** Task item **
Please reproduce the lines of the records below from the one holding "Schalter Schalterblock ECO" through the one holding "mini-cooper-2016-diesel-1498cc", inclusive, skipping all pictures.

** Records shown **
+ + +

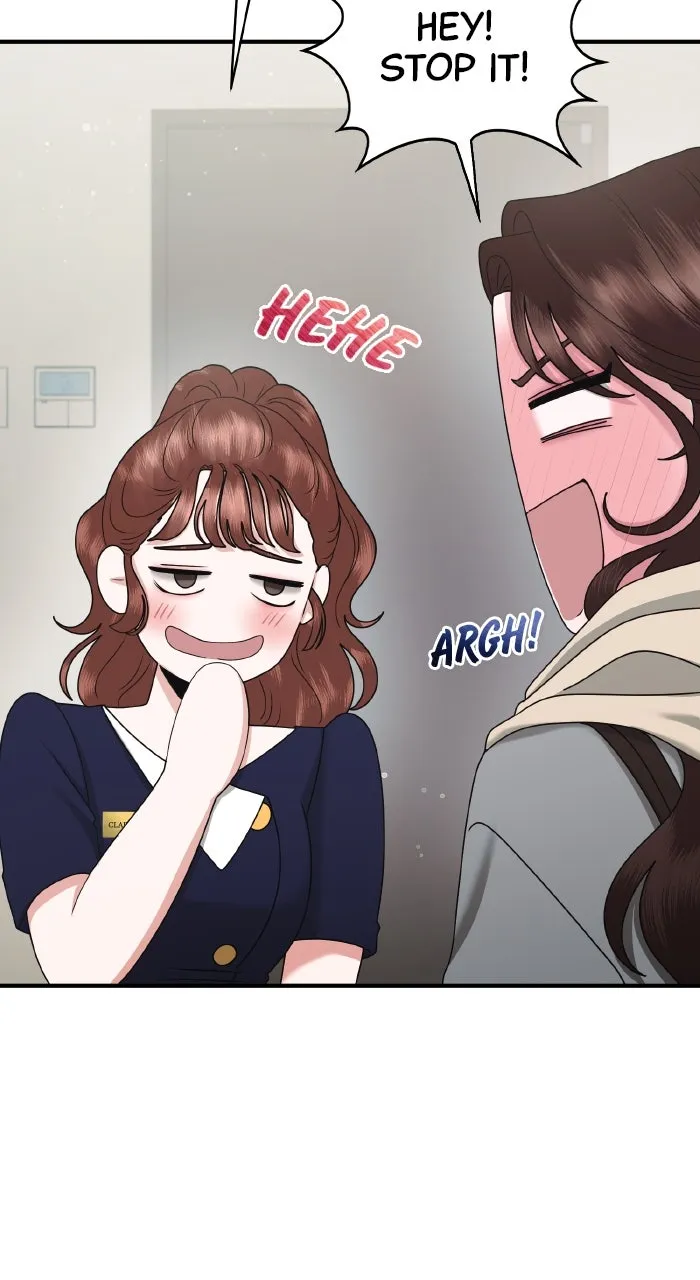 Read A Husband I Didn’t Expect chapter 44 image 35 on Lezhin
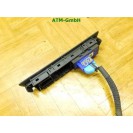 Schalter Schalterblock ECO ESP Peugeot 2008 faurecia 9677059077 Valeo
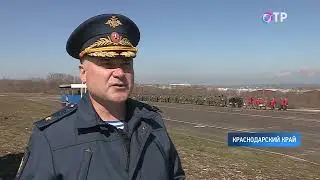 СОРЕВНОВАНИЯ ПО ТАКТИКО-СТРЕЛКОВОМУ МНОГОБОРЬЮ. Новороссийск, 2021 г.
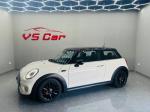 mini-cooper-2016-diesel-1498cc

+ + +

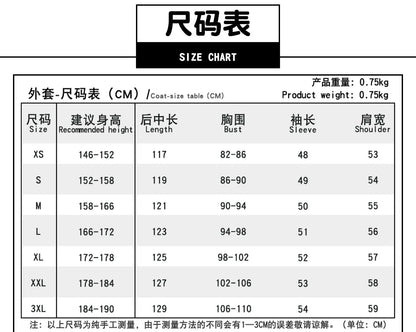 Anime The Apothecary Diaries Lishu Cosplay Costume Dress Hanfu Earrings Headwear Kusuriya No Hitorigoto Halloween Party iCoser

+ + +

** Reply to the task **
 Schalter Schalterblock ECO ESP Peugeot 2008 faurecia 9677059077 Valeo
 СОРЕВНОВАНИЯ ПО ТАКТИКО-СТРЕЛКОВОМУ МНОГОБОРЬЮ. Новороссийск, 2021 г.
 mini-cooper-2016-diesel-1498cc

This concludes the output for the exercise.